Notwithstanding the great consumption of time in this case, so far the question still remains the single one announced in the early part of the trial — whether or not the property in controversy in this case was, at the time of the seizure of it by the defendant, the property of James A. Sanders?
The action of the plaintiff is what is called an action of trespass vi et armis, and is divided into five counts, or separate statements of the injury done him by the defendant. The first is what is called a count de bonis asportatis, that is for seizing and carrying away the plaintiff's store goods; the second is for entering into and upon the plaintiff's storehouse and premises and expelling, putting out and amoving him therefrom and keeping him amoved therefrom from the 26th of January till the 25th of March, 1881, whereby he lost and was deprived of the use and benefit of his said storehouse; and also that on the 26th of January aforesaid, he seized, took and carried away other goods of the like quality, description and value aforesaid as those mentioned in the first count aforesaid and converted the same to his own use, by means whereof the plaintiff was during all the time aforesaid not only deprived of the use and benefit of the storehouse, but also was during that time prevented from carrying on his business therein; the third is similar in substance to the second, varying slightly in language; the fourth is like the first in description of goods, omitting the clause "other wrongs," etc.; and the fifth is a short count for trespass to goods without describing them, with the allegation of "other Wrongs." At the close is the usual allegation of damage, which is laid generally at twenty thousand dollars.
To this declaration the defendant pleads: first, not guilty of the several trespasses alleged, upon which issue is tendered in due form by him and accepted by the plaintiff; second, a special plea of justification that the goods seized were not the goods of the plaintiff, but were the property of James A. Sanders, as whose he levied upon and sold them by virtue of four several writs of execution issued out of this court, being Nos. 73, 74, 75 and 76, to the May Term, 1881, at the suit of the several plaintiffs whose names are set forth in the plea; and third, another plea of not guilty to the several trespasses alleged in the declaration; and also a plea of justification generally by virtue of execution process not set forth therein. There is another and fourth plea, but it was demurred to by the plaintiff, and the demurrer having been sustained by the court, it became a nullity and need not be further noticed. There is the common entry of replications and issues upon the record, and issue is treated as being joined between the parties upon the matter of justification. I have stated the pleadings according to their substance merely as I understand them.
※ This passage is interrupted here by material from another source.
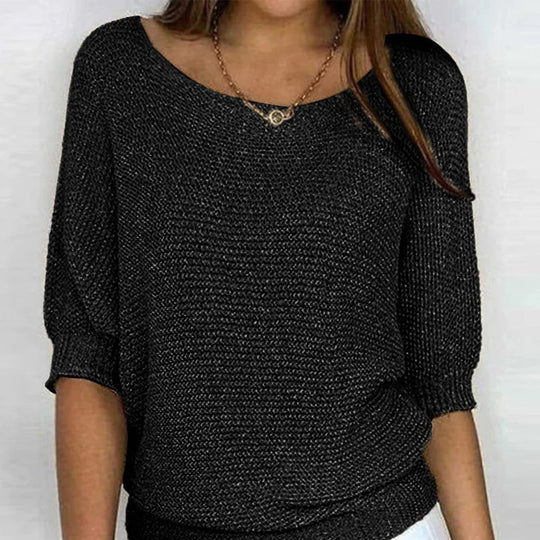 R&B | Luftige Damenbluse mit Stilvollem Gestricktem Muster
The prayers for instruction to you upon the law of the case, submitted on both sides, make it necessary that we should charge you in that respect; otherwise there would seem to be but little necessity of doing more than explaining the issues to you, and the law with respect to the measure of damages to be awarded the plaintiff Henry L. Sanders, if you should believe him entitled to any. Concerning the facts, no details of examination will be entered upon, for the reason that they are in themselves not at all obscure, or doubtful; though what they may mean, is of the very essence of this case. It is your province and not ours to decide with respect to their significance; it is ours to tell you the law to which you must apply them.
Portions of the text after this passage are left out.